[SOURCE INFORMATION]
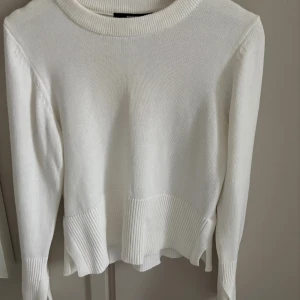 Vit stickad tröja med vida ärmar - Säljer en vit stickad tröja med bred ribbad kant nertill och på ärmsluten. Tröjan har rund halsringning och långa, lite vidare ärmar med slits som ger en snygg och trendig look. Perfekt att matcha med jeans för en clean stil. (Använd två gånger)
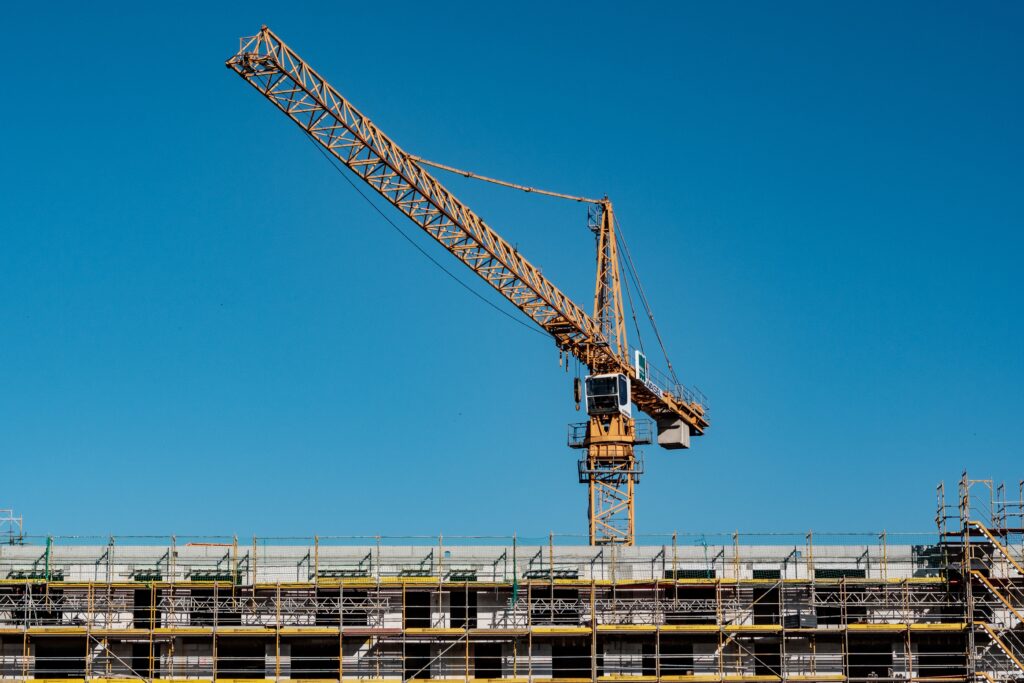 A large yellow crane on a rooftop against the blue sky.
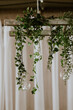 Hanging wedding vines above reception with candles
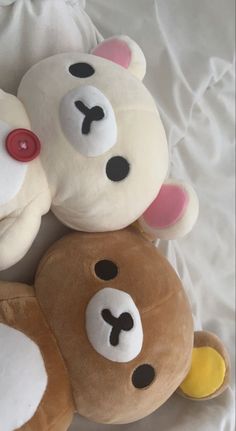 three teddy bears laying on top of each other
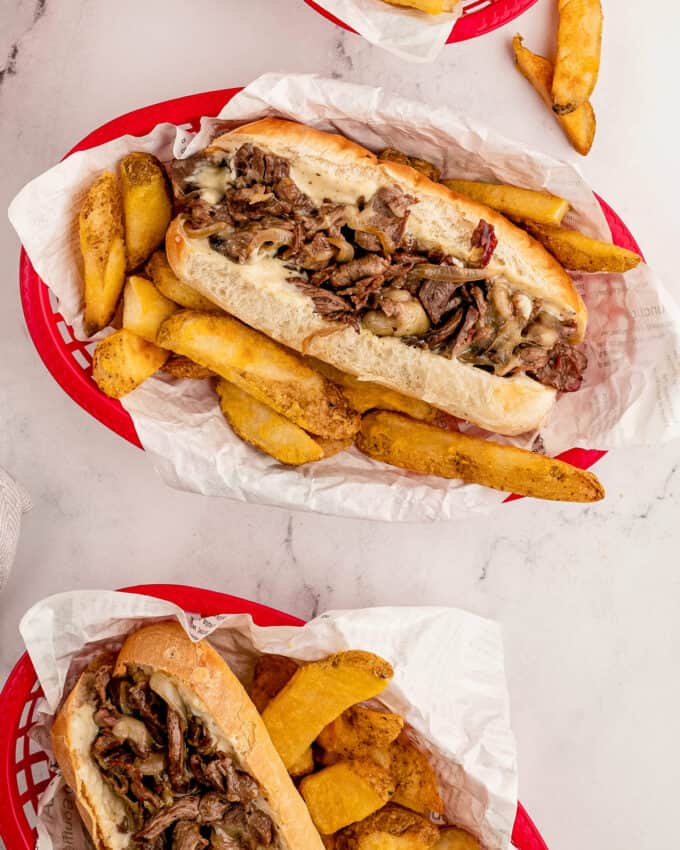 cheesesteaks with fries in takeout baskets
[/SOURCE INFORMATION]
• _EXERCISE_: Only the lines from the one containing "Hanging wedding vines" through the last line of the entries above belong in the copy; reproduce them exactly and drop every picture.

• _ANSWER TO THIS TASK_:
 Hanging wedding vines above reception with candles
 three teddy bears laying on top of each other
 cheesesteaks with fries in takeout baskets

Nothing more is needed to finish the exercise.